Also do you know an example repo of an Elixir app showing interop with Gleam? I was thinking about trying it out but I think Gleam structs == Erlang records and not sure how it can handle Elixir structs (i.e. Maps) without runtime translation which are ubiquitous in my app.

Also it would be cool if anyone’s written external bindings to Elixir standard library or critical Elixir libs (like Ecto) or if it could somehow consume @spec obviating the need for external?? :grin:

This was a previous project of mine, but due to lack of knowledge of the OCaml compiler I didn’t make much progress. In the end I stopped as I didn’t think I would have a result I was happy with, especially since I’m not completely happy with the tradeoffs that Bucklescript had to make.

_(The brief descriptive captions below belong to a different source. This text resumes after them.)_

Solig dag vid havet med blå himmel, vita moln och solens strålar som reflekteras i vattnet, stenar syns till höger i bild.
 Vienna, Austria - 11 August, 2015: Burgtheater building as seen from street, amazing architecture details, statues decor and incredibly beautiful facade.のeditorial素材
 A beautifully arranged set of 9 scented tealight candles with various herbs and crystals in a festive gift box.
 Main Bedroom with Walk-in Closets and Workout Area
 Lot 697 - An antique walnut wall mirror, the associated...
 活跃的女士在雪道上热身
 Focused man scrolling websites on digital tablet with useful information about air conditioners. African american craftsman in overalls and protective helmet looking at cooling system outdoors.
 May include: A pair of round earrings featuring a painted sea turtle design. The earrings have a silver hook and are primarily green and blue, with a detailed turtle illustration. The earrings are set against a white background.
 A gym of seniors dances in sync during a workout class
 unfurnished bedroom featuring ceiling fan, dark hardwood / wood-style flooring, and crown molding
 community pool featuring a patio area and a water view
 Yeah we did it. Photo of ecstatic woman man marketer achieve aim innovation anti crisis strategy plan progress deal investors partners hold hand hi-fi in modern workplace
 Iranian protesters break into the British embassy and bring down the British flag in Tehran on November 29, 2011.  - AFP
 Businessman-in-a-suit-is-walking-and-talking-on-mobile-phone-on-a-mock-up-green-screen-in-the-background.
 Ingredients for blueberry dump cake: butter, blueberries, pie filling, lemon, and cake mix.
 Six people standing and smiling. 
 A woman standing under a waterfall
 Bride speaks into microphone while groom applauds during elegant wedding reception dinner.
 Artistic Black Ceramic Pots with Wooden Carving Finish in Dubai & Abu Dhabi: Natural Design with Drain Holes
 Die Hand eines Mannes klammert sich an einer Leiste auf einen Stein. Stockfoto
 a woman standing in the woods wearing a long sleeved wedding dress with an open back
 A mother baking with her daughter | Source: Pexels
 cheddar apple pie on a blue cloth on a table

A project that may be interesting to you is Purerl, an Erlang backend for the Purescript compiler. GitHub - purerl/purescript: A small strongly typed language that compiles to Erlang (not JavaScript)

Here is one, though not by me GitHub - wojtekmach/hello_beam: Elixir, Erlang, Gleam & LFE code all in the same project! :slight_smile:

Gleam v0.5 generates Erlang record definitions, you could metaprogram conversion functions in Elixir using the Record module. Gleam will likely support some kind of coercion later though it has not yet been designed.

This isn’t possible as Elixir’s stdlib is not entirely well typed, and @spec are not reliable or precise enough to give us the information we need. They could serve as guidelines though.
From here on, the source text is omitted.